Dit vonnis is gewezen door:
mr. H.A. van Gameren, voorzitter,
mr. H.M. Hettinga en mr. R.H. van Marle, leden,
in tegenwoordigheid van mr. A.J.H.L. Coppens, griffier,
en is uitgesproken op 5 maart 2018.

Voetnoten

1.Wanneer hierna wordt verwezen naar een proces-verbaal, wordt – tenzij anders vermeld – bedoeld een proces-verbaal, opgemaakt in de wettelijke vorm door daartoe bevoegde opsporingsambtenaren opgenomen in het einddossier van de politie Oost-Brabant, districtsrecherche Helmond, genummerd BVH 2017228934, aantal pagina’s: 196. Waar wordt verwezen naar bijlagen betreffen dit de bijlagen opgenomen in genoemd einddossier.
2.Verklaring van [slachtoffer] d.d. 7 november 2017, proces-verbaal pag. 39-40.
3.Geneeskundige verklaring betreffende [slachtoffer] d.d. 15 november 2017, proces-verbaal pag. 57.
4.Foto’s van het letsel van aangeefster, proces-verbaal pag. 29-30.
5.Verklaring van verdachte d.d. 6 november 2017, proces-verbaal pag. 176.
6.Verklaring van verdachte d.d. 6 november 2017, proces-verbaal pag. 177.
7.Verklaring van verdachte d.d. 6 november 2017, proces-verbaal pag. 178.
8.Proces-verbaal bevindingen d.d. 13 november 2017 uitwerking geluidsfragment melding meldkamer, proces-verbaal pag. 13.
9.Verklaring van verdachte d.d. 6 november 2017, proces-verbaal pag. 176.
10.Verklaring van verdachte d.d. 8 november 2017, proces-verbaal pag. 191.
11.Verklaring van verdachte d.d. 6 november 2017, proces-verbaal pag. 176-177.

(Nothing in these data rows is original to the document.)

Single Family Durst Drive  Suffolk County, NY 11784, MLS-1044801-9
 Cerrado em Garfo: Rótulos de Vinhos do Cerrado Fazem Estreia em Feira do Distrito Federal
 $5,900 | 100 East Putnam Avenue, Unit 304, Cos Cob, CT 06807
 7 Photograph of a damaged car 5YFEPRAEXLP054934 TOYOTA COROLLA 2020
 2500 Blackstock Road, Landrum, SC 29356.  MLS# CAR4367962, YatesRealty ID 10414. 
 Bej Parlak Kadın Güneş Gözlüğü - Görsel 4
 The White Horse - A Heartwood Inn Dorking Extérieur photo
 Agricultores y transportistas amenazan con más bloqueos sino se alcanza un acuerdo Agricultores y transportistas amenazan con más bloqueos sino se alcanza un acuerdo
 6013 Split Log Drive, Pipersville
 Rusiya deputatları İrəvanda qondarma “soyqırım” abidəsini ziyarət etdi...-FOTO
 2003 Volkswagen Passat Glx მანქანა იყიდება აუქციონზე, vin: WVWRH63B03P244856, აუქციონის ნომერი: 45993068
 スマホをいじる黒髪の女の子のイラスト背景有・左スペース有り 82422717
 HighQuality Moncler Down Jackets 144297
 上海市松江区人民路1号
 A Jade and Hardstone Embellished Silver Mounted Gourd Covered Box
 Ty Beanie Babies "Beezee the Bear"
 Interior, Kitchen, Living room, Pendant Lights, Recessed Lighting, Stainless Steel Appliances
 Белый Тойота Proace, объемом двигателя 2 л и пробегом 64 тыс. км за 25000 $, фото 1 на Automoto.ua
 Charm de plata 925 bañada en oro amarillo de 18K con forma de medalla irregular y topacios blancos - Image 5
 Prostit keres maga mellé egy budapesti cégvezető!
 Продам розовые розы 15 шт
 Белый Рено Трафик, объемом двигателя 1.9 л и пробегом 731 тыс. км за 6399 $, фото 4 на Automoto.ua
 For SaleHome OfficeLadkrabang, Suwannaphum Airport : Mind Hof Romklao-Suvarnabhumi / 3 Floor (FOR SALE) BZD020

12.Verklaring van verdachte d.d. 6 november 2017, proces-verbaal pag. 176 en verklaring van verdachte d.d. 8 november 2017, proces-verbaal pag. 191.
13.Verklaring van aangeefster d.d. 7 november 2017, proces-verbaal pag. 39 en relaas proces-verbaal d.d. 15 december 2017, proces-verbaal pag. 4.
14.Verklaring van verdachte d.d. 6 november 2017, proces-verbaal pag. 178 en verklaring van verdachte d.d. 8 november 2017, proces-verbaal pag. 193.
15.Verklaring van verdachte d.d. 6 november 2017, proces-verbaal pag. 178.